─── RECORDS FOR THE EXERCISE ───

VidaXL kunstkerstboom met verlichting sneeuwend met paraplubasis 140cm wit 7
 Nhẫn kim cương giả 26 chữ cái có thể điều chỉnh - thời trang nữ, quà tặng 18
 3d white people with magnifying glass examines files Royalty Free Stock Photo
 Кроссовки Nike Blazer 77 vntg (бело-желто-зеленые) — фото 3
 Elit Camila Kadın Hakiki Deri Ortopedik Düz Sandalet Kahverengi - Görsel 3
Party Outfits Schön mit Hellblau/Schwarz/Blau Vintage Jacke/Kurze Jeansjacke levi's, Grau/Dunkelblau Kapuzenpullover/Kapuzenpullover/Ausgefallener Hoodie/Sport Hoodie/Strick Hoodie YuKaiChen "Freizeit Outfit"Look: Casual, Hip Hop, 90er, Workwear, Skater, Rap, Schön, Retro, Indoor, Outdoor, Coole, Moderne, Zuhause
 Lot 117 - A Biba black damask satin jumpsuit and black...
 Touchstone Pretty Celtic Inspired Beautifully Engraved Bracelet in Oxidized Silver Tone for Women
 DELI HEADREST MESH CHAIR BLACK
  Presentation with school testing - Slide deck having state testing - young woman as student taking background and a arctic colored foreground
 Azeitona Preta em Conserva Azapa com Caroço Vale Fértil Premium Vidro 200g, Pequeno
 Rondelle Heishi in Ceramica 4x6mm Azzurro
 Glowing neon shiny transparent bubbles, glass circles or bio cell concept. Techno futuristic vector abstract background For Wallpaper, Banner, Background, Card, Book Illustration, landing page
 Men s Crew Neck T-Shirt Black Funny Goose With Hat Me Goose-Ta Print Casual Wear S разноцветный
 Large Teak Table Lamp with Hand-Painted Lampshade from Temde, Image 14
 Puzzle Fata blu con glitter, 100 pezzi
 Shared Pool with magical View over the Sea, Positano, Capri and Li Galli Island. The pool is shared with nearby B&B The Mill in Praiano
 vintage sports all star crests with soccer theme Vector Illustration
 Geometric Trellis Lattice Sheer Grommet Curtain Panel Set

───

**PROBLEM DETAILS:** Every line of the data above that includes "Illustration" should be listed.

**ANSWER TO THIS EXERCISE:**
 Glowing neon shiny transparent bubbles, glass circles or bio cell concept. Techno futuristic vector abstract background For Wallpaper, Banner, Background, Card, Book Illustration, landing page
 vintage sports all star crests with soccer theme Vector Illustration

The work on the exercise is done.